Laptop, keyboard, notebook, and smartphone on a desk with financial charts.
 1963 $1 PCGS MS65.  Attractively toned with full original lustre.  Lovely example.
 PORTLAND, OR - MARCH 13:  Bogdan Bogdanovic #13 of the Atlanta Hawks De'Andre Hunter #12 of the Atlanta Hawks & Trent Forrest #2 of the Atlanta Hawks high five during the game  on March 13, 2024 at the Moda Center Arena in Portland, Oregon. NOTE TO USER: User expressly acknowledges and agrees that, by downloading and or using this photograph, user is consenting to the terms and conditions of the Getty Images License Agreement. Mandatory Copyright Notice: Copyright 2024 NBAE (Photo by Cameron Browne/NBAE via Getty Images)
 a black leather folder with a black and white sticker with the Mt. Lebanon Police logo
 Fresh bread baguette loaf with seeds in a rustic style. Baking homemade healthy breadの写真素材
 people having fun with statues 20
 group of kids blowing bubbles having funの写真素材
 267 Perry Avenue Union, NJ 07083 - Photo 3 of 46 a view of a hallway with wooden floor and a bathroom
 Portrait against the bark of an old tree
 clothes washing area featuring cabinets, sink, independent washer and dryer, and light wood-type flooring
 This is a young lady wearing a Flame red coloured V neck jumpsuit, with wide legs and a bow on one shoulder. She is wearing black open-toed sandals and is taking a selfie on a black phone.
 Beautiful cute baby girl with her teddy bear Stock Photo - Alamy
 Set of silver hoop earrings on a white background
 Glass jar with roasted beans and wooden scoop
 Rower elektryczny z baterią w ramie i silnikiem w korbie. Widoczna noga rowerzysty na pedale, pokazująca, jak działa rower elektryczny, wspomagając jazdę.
◆ ◆ ◆ ◆ ◆ ◆ ◆
Using the data above, repeat exactly the lines that begin at the line with "Fresh bread baguette" and end at the line with "This is a young", both ends included.

_Answer section:_
 Fresh bread baguette loaf with seeds in a rustic style. Baking homemade healthy breadの写真素材
 people having fun with statues 20
 group of kids blowing bubbles having funの写真素材
 267 Perry Avenue Union, NJ 07083 - Photo 3 of 46 a view of a hallway with wooden floor and a bathroom
 Portrait against the bark of an old tree
 clothes washing area featuring cabinets, sink, independent washer and dryer, and light wood-type flooring
 This is a young lady wearing a Flame red coloured V neck jumpsuit, with wide legs and a bow on one shoulder. She is wearing black open-toed sandals and is taking a selfie on a black phone.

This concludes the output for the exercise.